Mobile Streets Ahead of Internet in China’s Digital Growth
A World Economic Forum report yesterday affirmed that mobile literacy is higher in China than anywhere else, with more consumers connected than in any other market. Moreover, the quantity of devices stands at an average of one per citizen. Smartphones are booming, as Google’s android system becomes deeply entrenched in the scramble to profit from digital growth in China.
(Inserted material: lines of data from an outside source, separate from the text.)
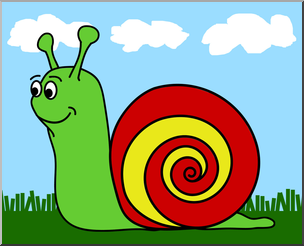 Clip Art: Cartoon Snail Color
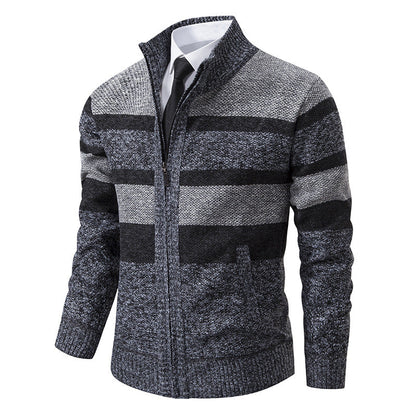 Herren Strickjacke Stehkragen Modernes Streifenmuster
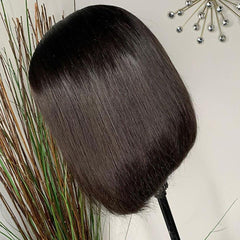 Shiny Natural Black Straight Bob Lace Frontal Wig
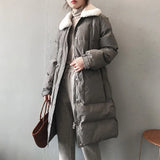Faux rabbit fur collar women's winter down jacket long drawstring slim zipper ladies chic coat loose oversize outwear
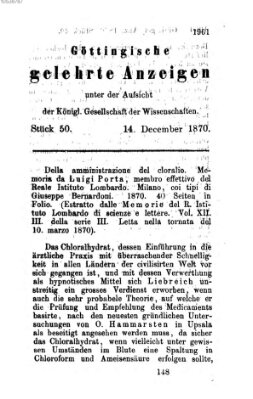 Göttingische gelehrte Anzeigen (Göttingische Zeitungen von gelehrten Sachen) Mittwoch 14. Dezember 1870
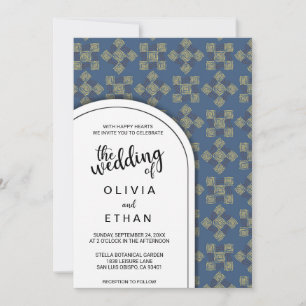 Elegante Schick Muster rustikale Hochzeitseinladun Einladung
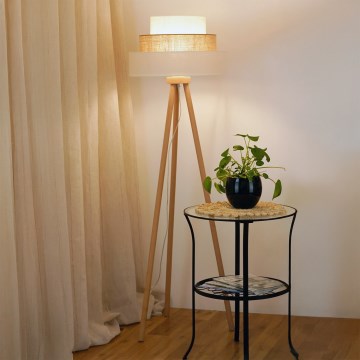 Brilagi - Podna lampa DENVER LUNETA 1xE27/15W/230V bež/braon/kremasta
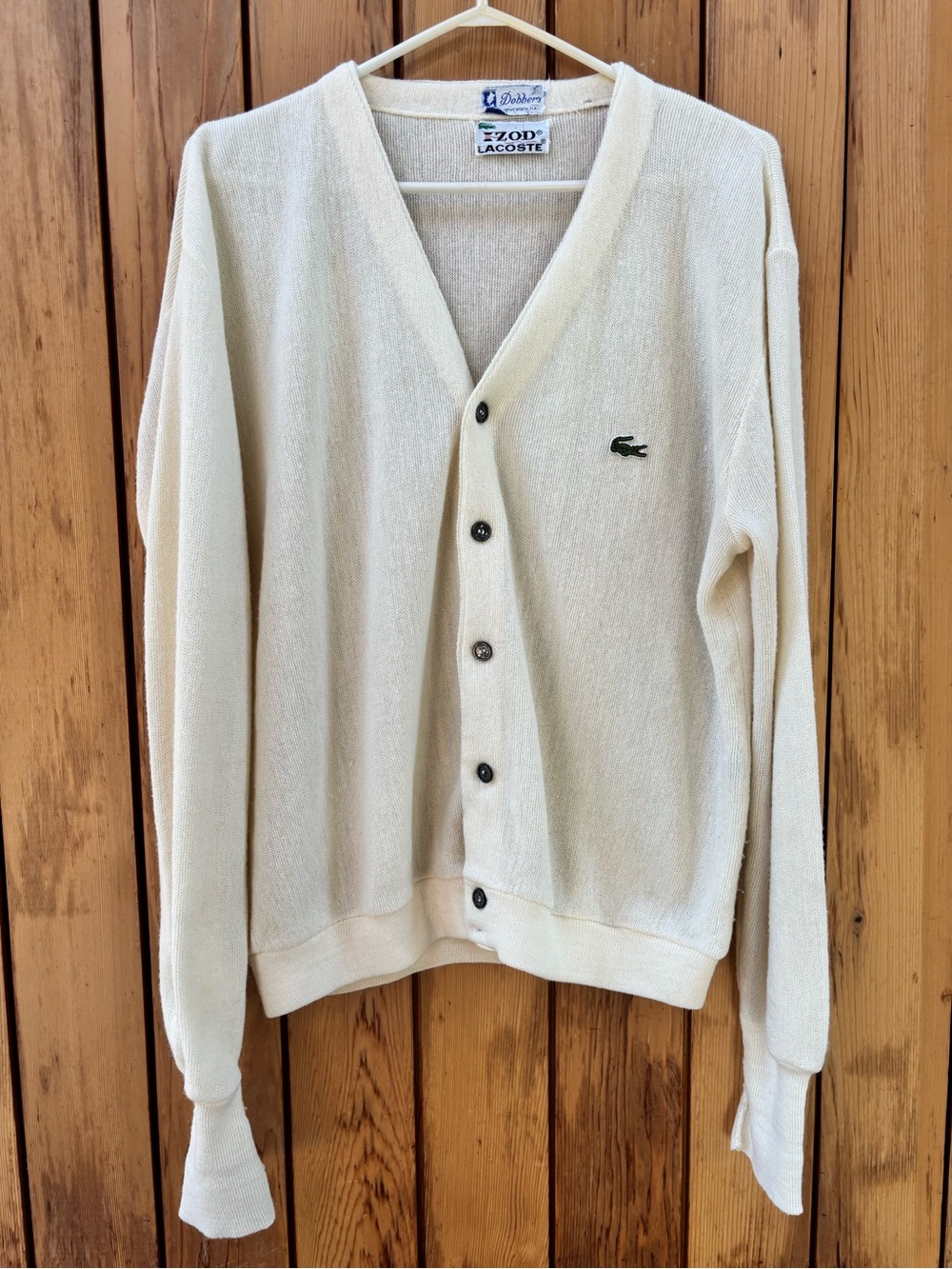 Vintage 70s/80s Izod Lacoste Cream Cardigan Sweater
China’s Internet Divide and What’s the Cause
In the 1970’s, China was facing uncontrolled population growth. It introduced a policy of one child per family, with financial penalties of 3% – 10% of income for parents who did not comply. This societal engineering has caused three social anomalies:
- The 4-2-1 problem: When the only child becomes a parent, they have to support two parents and four grandparents on their own
- A ratio of 100 girls to 118 boys: This reflects the traditional importance of having a son, and modern methods of gender-selective abortion
- A generation of only children: They have no siblings to grow up with, and few opportunities to develop p2p social skills in infancy
The graphic obtained from the Nanjing Marketing Group shows that an age-related user pattern has been flowing through the years since 1998, as the one-child age group matured and grew to social independence.
The World Economic Forum suggests this is a reflection of “a generation without siblings, but connecting with peers to discuss the high expectations of their fathers, mothers and grandparents” – and they are doing so online on the backbone of China’s digital growth.